CHILDREN’S rights civic organisation groups in Southern Africa under the regional body, Child Rights Network for Southern Africa (CRNSA) are advocating for the formulation of a Sadc protocol on children’s rights in order to ensure that children and youth have access to basic services such as health and education.
By VENERANDA LANGA
The Southern Africa Parliamentary Support Trust (Sapst) and the Zimbabwe National Council for the Welfare of Children this week gathered representatives from different Southern African countries to discuss different issues affecting children. The following are excerpts of an interview between NewsDay Senior Parliamentary reporter Veneranda Langa (ND) and CRNSA regional co-ordinator, Musa Chibwana (MC) on child rights issues in Southern Africa.

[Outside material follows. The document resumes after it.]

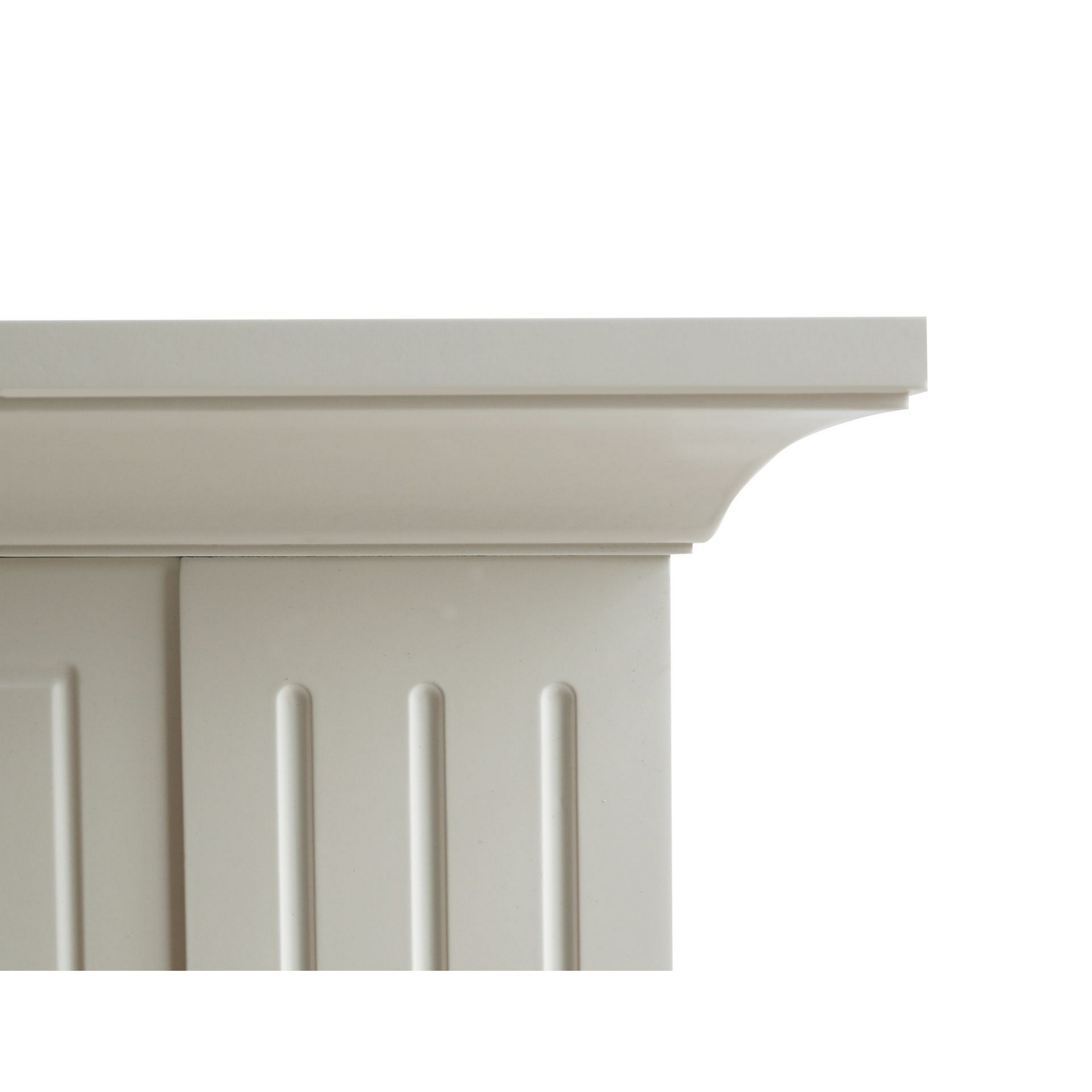 Elektrokamin 'Malmö AY0630' weiß 1,75-2 kW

ND: What was the main objective of CRNSA meeting in Zimbabwe?
MC: This was an annual meeting and the coming-in together of national child networks from Sadc countries to build the capacity of members to understand children’s rights. We have representatives of about 2 000 child rights organisations in Southern Africa. We are pushing to have a Child Rights Protocol at Sadc level.
ND: What will be the advantages of having a Sadc Child Rights Protocol?
MC: It will ensure member States adhere to the provisions of the protocol pertaining to implementing children’s rights. Recently, African leaders met in Kigali and signed the African Continental Free Trade Area agreement and it says let us do away with colonial borders and free movement of goods. But from a human rights and children’s rights perspective, it can open doors for human trafficking and children can be affected and trafficked for sexual exploitation. If there is no regional response, it can cause problems. If we have porous borders, children can become vulnerable and we also want them to be protected from issues like child labour. We want a regional response towards children’s issues as we move towards integration. We want a critical mass of civic society to be champions of human rights.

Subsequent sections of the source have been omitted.